-- Opening Marker --

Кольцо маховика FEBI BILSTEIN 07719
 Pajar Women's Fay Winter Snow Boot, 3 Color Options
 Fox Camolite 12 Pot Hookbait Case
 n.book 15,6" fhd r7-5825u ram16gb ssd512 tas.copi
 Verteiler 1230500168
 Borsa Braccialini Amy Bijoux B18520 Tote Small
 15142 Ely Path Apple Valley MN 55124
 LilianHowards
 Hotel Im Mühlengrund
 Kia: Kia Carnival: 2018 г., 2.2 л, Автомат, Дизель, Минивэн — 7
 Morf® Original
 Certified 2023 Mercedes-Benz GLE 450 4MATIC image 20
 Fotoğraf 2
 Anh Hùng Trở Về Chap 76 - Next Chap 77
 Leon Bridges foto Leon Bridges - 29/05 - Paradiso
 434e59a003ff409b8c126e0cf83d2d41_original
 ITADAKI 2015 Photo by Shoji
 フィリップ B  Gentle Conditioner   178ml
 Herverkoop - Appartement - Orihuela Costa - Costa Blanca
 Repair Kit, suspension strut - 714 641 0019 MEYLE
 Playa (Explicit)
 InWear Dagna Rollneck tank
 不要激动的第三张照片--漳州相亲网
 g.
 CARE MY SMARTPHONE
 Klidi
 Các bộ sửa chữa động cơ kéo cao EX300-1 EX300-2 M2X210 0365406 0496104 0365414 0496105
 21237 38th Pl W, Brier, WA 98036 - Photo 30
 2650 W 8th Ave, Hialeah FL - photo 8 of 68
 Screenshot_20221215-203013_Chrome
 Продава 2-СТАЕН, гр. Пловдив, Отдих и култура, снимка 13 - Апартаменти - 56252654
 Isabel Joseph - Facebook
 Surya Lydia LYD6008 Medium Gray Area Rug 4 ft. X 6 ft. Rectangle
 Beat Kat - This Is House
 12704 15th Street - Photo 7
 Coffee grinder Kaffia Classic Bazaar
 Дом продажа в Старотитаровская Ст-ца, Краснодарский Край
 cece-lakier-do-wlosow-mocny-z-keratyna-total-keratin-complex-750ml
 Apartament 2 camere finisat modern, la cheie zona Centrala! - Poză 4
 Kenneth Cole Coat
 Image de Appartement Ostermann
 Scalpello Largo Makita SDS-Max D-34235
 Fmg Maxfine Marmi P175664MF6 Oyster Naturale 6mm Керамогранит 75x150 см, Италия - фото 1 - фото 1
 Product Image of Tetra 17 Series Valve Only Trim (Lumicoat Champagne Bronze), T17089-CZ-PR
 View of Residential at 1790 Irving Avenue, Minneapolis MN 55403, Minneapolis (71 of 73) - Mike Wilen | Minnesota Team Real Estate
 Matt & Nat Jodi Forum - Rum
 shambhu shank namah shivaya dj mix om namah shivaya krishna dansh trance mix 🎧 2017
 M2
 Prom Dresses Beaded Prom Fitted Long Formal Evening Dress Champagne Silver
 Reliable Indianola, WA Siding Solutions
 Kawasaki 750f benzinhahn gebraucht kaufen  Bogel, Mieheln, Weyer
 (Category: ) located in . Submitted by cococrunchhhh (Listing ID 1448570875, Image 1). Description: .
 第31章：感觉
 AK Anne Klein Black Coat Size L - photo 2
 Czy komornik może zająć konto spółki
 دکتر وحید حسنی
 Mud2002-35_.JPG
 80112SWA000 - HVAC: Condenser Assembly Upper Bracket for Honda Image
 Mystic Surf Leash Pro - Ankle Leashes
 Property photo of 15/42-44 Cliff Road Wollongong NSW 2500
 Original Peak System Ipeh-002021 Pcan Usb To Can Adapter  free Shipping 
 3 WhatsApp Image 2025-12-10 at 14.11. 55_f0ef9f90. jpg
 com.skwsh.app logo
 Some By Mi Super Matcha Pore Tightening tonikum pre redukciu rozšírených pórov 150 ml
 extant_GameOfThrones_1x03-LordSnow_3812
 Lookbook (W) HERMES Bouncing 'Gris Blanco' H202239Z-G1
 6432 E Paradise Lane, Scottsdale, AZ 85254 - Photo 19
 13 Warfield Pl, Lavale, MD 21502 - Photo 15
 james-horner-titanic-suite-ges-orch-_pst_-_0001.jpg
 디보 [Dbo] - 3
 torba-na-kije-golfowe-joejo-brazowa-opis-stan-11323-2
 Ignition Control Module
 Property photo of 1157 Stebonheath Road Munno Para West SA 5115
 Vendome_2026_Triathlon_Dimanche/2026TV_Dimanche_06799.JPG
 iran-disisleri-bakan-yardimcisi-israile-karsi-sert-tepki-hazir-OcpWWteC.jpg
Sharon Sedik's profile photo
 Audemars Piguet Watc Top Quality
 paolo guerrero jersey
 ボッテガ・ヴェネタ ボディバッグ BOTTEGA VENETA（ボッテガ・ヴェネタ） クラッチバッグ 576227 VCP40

-- Closing Marker --

TASK PROMPT -
Could you print every record above exactly as it appears?

EXERCISE OUTPUT -
Кольцо маховика FEBI BILSTEIN 07719
 Pajar Women's Fay Winter Snow Boot, 3 Color Options
 Fox Camolite 12 Pot Hookbait Case
 n.book 15,6" fhd r7-5825u ram16gb ssd512 tas.copi
 Verteiler 1230500168
 Borsa Braccialini Amy Bijoux B18520 Tote Small
 15142 Ely Path Apple Valley MN 55124
 LilianHowards
 Hotel Im Mühlengrund
 Kia: Kia Carnival: 2018 г., 2.2 л, Автомат, Дизель, Минивэн — 7
 Morf® Original
 Certified 2023 Mercedes-Benz GLE 450 4MATIC image 20
 Fotoğraf 2
 Anh Hùng Trở Về Chap 76 - Next Chap 77
 Leon Bridges foto Leon Bridges - 29/05 - Paradiso
 434e59a003ff409b8c126e0cf83d2d41_original
 ITADAKI 2015 Photo by Shoji
 フィリップ B  Gentle Conditioner   178ml
 Herverkoop - Appartement - Orihuela Costa - Costa Blanca
 Repair Kit, suspension strut - 714 641 0019 MEYLE
 Playa (Explicit)
 InWear Dagna Rollneck tank
 不要激动的第三张照片--漳州相亲网
 g.
 CARE MY SMARTPHONE
 Klidi
 Các bộ sửa chữa động cơ kéo cao EX300-1 EX300-2 M2X210 0365406 0496104 0365414 0496105
 21237 38th Pl W, Brier, WA 98036 - Photo 30
 2650 W 8th Ave, Hialeah FL - photo 8 of 68
 Screenshot_20221215-203013_Chrome
 Продава 2-СТАЕН, гр. Пловдив, Отдих и култура, снимка 13 - Апартаменти - 56252654
 Isabel Joseph - Facebook
 Surya Lydia LYD6008 Medium Gray Area Rug 4 ft. X 6 ft. Rectangle
 Beat Kat - This Is House
 12704 15th Street - Photo 7
 Coffee grinder Kaffia Classic Bazaar
 Дом продажа в Старотитаровская Ст-ца, Краснодарский Край
 cece-lakier-do-wlosow-mocny-z-keratyna-total-keratin-complex-750ml
 Apartament 2 camere finisat modern, la cheie zona Centrala! - Poză 4
 Kenneth Cole Coat
 Image de Appartement Ostermann
 Scalpello Largo Makita SDS-Max D-34235
 Fmg Maxfine Marmi P175664MF6 Oyster Naturale 6mm Керамогранит 75x150 см, Италия - фото 1 - фото 1
 Product Image of Tetra 17 Series Valve Only Trim (Lumicoat Champagne Bronze), T17089-CZ-PR
 View of Residential at 1790 Irving Avenue, Minneapolis MN 55403, Minneapolis (71 of 73) - Mike Wilen | Minnesota Team Real Estate
 Matt & Nat Jodi Forum - Rum
 shambhu shank namah shivaya dj mix om namah shivaya krishna dansh trance mix 🎧 2017
 M2
 Prom Dresses Beaded Prom Fitted Long Formal Evening Dress Champagne Silver
 Reliable Indianola, WA Siding Solutions
 Kawasaki 750f benzinhahn gebraucht kaufen  Bogel, Mieheln, Weyer
 (Category: ) located in . Submitted by cococrunchhhh (Listing ID 1448570875, Image 1). Description: .
 第31章：感觉
 AK Anne Klein Black Coat Size L - photo 2
 Czy komornik może zająć konto spółki
 دکتر وحید حسنی
 Mud2002-35_.JPG
 80112SWA000 - HVAC: Condenser Assembly Upper Bracket for Honda Image
 Mystic Surf Leash Pro - Ankle Leashes
 Property photo of 15/42-44 Cliff Road Wollongong NSW 2500
 Original Peak System Ipeh-002021 Pcan Usb To Can Adapter  free Shipping 
 3 WhatsApp Image 2025-12-10 at 14.11. 55_f0ef9f90. jpg
 com.skwsh.app logo
 Some By Mi Super Matcha Pore Tightening tonikum pre redukciu rozšírených pórov 150 ml
 extant_GameOfThrones_1x03-LordSnow_3812
 Lookbook (W) HERMES Bouncing 'Gris Blanco' H202239Z-G1
 6432 E Paradise Lane, Scottsdale, AZ 85254 - Photo 19
 13 Warfield Pl, Lavale, MD 21502 - Photo 15
 james-horner-titanic-suite-ges-orch-_pst_-_0001.jpg
 디보 [Dbo] - 3
 torba-na-kije-golfowe-joejo-brazowa-opis-stan-11323-2
 Ignition Control Module
 Property photo of 1157 Stebonheath Road Munno Para West SA 5115
 Vendome_2026_Triathlon_Dimanche/2026TV_Dimanche_06799.JPG
 iran-disisleri-bakan-yardimcisi-israile-karsi-sert-tepki-hazir-OcpWWteC.jpg
Sharon Sedik's profile photo
 Audemars Piguet Watc Top Quality
 paolo guerrero jersey
 ボッテガ・ヴェネタ ボディバッグ BOTTEGA VENETA（ボッテガ・ヴェネタ） クラッチバッグ 576227 VCP40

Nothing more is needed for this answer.